→ Task data:
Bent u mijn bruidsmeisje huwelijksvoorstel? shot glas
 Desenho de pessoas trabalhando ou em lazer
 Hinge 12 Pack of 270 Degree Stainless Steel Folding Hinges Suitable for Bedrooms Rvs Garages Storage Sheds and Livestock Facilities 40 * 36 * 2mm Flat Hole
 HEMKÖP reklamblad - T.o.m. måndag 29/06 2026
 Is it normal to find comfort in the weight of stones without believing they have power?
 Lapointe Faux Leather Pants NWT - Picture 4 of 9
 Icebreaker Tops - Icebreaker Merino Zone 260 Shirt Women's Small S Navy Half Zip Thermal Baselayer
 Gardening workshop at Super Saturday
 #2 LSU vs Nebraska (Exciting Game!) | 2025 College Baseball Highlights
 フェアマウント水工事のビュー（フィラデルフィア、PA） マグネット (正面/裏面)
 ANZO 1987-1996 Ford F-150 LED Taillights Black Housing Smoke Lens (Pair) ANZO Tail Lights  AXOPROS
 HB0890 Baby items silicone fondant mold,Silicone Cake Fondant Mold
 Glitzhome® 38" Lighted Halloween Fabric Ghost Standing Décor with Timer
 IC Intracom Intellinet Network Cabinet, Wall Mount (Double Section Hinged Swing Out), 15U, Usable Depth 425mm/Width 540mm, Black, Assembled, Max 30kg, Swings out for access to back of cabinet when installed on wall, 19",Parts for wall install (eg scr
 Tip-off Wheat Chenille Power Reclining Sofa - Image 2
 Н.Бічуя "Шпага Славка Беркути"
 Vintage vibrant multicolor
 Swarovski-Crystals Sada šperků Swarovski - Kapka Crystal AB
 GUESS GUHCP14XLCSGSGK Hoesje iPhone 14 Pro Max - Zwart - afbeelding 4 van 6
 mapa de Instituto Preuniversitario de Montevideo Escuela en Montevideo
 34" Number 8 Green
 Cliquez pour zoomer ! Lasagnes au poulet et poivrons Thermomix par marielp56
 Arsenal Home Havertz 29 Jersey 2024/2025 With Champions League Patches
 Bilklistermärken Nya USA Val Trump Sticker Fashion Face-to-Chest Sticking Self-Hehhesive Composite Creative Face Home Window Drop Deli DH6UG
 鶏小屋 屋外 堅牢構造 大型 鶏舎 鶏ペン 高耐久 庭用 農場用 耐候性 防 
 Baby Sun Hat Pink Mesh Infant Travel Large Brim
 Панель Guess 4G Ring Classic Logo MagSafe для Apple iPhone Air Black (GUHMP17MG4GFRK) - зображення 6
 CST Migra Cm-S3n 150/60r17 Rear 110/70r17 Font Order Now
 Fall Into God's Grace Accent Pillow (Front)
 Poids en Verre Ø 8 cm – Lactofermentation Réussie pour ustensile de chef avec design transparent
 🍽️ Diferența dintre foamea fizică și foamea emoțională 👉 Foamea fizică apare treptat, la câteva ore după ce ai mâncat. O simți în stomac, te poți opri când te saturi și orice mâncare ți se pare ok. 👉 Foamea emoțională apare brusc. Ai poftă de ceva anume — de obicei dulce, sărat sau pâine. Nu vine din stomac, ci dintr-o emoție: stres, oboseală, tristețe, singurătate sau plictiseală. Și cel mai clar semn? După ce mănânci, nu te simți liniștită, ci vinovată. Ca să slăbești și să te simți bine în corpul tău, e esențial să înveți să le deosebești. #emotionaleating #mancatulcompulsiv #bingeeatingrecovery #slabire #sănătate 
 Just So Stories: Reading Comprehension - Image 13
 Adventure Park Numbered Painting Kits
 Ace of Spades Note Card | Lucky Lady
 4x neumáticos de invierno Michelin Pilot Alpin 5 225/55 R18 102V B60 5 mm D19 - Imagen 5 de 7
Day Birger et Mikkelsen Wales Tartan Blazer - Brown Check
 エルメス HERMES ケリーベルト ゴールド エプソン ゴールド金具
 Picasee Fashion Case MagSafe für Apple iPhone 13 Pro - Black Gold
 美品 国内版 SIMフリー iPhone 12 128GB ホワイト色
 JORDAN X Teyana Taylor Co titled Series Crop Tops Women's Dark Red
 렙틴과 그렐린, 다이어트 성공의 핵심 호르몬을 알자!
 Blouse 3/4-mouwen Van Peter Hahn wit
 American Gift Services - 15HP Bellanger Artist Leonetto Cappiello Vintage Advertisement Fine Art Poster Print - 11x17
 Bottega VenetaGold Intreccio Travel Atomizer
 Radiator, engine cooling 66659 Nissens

→ What is expected: Set down only the lines from the line with "Just So Stories: Reading" through the last line of the data above, keeping both the first and the last.

→ Solution to this problem:
 Just So Stories: Reading Comprehension - Image 13
 Adventure Park Numbered Painting Kits
 Ace of Spades Note Card | Lucky Lady
 4x neumáticos de invierno Michelin Pilot Alpin 5 225/55 R18 102V B60 5 mm D19 - Imagen 5 de 7
Day Birger et Mikkelsen Wales Tartan Blazer - Brown Check
 エルメス HERMES ケリーベルト ゴールド エプソン ゴールド金具
 Picasee Fashion Case MagSafe für Apple iPhone 13 Pro - Black Gold
 美品 国内版 SIMフリー iPhone 12 128GB ホワイト色
 JORDAN X Teyana Taylor Co titled Series Crop Tops Women's Dark Red
 렙틴과 그렐린, 다이어트 성공의 핵심 호르몬을 알자!
 Blouse 3/4-mouwen Van Peter Hahn wit
 American Gift Services - 15HP Bellanger Artist Leonetto Cappiello Vintage Advertisement Fine Art Poster Print - 11x17
 Bottega VenetaGold Intreccio Travel Atomizer
 Radiator, engine cooling 66659 Nissens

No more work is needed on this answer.